Finalists for Renaissance charter providers announced

This article was originally published in The Notebook. In August 2020, The Notebook became Chalkbeat Philadelphia.

[Updated 3 p.m.]

Mastery, Universal Companies, and Scholar Academies will vie to operate three additional Renaissance turnaround schools put on the list for next year, the School District announced Monday.

In making the announcement, Superintendent William Hite said in a statement that all three had made progress in the elementary-level turnarounds that they now operate. Mastery has five, Universal three, and Young Scholars one.

The District said that eight organizations had submitted applications.

“We know that reversing years of low performance takes time and a special set of skills,” said Hite in a statement. “We are confident that these three Turnaround Teams can significantly improve academic performance and stabilize school climate while meaningfully engaging parents and communities in our shared mission of providing high-quality education for all students.”

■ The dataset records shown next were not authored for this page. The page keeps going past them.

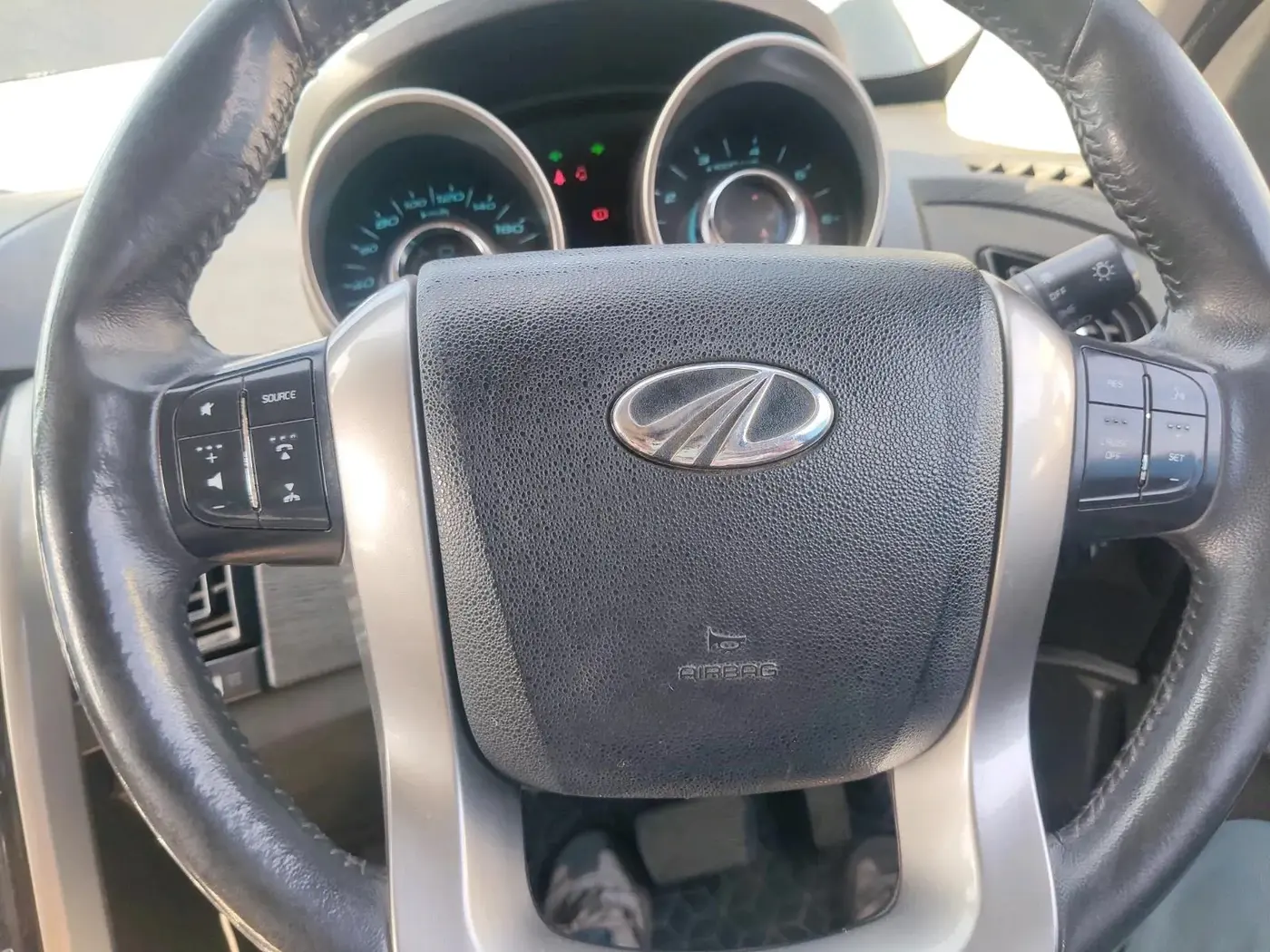 2020 Mahindra XUV500 W9 AT, Diesel, Automatic, 1,32,854 km, interior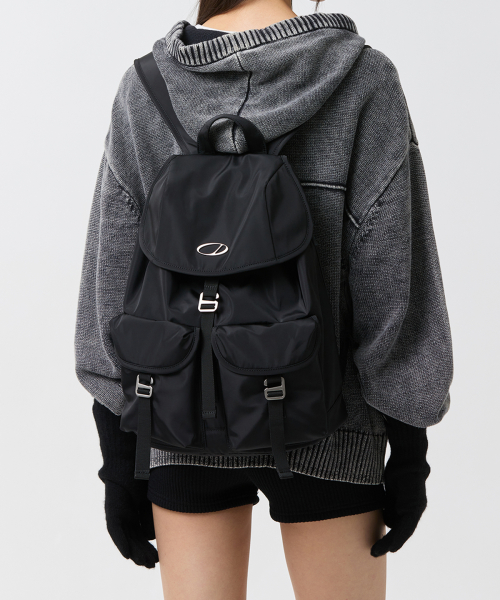 バックパック・リュック Odd Studio SIGNATURE TWO POCKET BACKPACK BLACK 5010213733 오드스튜디오(ODDSTUDIO) 시그니처 투 포켓 백팩 - BLACK
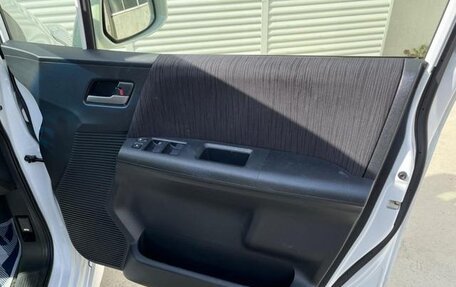 Honda Freed I, 2015 год, 833 000 рублей, 23 фотография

The District announced in February that three habitually struggling schools — James Alcorn Elementary in South Philadelphia, Kenderton in North Philadelphia and Pastorius in Germantown — would be converted into Renaissance charters.

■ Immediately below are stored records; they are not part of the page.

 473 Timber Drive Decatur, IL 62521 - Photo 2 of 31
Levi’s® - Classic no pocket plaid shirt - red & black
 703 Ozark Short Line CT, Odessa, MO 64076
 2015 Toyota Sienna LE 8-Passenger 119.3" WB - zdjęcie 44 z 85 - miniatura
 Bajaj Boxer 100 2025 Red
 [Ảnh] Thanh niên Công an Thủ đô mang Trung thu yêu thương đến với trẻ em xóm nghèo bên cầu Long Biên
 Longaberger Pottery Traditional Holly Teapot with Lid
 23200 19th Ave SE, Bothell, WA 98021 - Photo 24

Both Kenderton and Pastorius have failed to meet federal benchmarks for "adequate yearly progress" the last decade.

Between now and mid-April, a matching process will take place in which advisory councils from the Renaissance schools rank their preferences among the charter providers. Hite makes the final recommendation to the School Reform Commission, which will vote on the matches in late April or early May.

Seven charter operators now run 17 Renaissance schools. Eleven of them are managed by Mastery and Universal.

The five applicants who were not chosen are American Paradigm, Creative Minds Partnership, CMSI Academies, Mosaica Turnaround Partners, and String Theory.

Three of them now operate Renaissance turnarounds. Two are in their first year: String Theory at the Philadelphia Charter School for the Arts and Sciences at H.R. Edmunds, and American Paradigm at the Memphis Street Academy Charter School at J.P. Jones. Mosaica has operated the Birney Preparatory Academy since 2011.

CSMI is the for-profit management company that operates Chester Community Charter School, which educates more than half the elementary-age children in Chester-Upland. That charter school, described on the company’s website as "one of Pennsylvania’s great educational success stories," last year was among those investigated by the state for suspicious PSSA test score patterns, including high numbers of wrong-to-right erasures, and was required to impose much stricter test security protocols in 2012. After the measures were adopted, student proficiency rates in math and reading plummeted by 30 points. A school spokesman attributed the decline to reduced funding from the state.

The company’s founder, Vahan Gureghian, was Gov. Corbett’s largest single campaign contributor. He has consistently declined to release information on CSMI’s fee structure and profits from operating Chester Community, repeatedly arguing in court that as a private company, CSMI is not subject to Pennsylvania Right-to-Know laws.

Creative Minds Partnership was formed by musicians Carvin Haggins and Carol Riddick. According to their website, they sought to open the city’s first African American Renaissance elementary charter school for both arts and STEM subjects (Science, Technology, Engineering, Math). They said they were inspired in part by Kenny Gamble, who founded Universal Companies.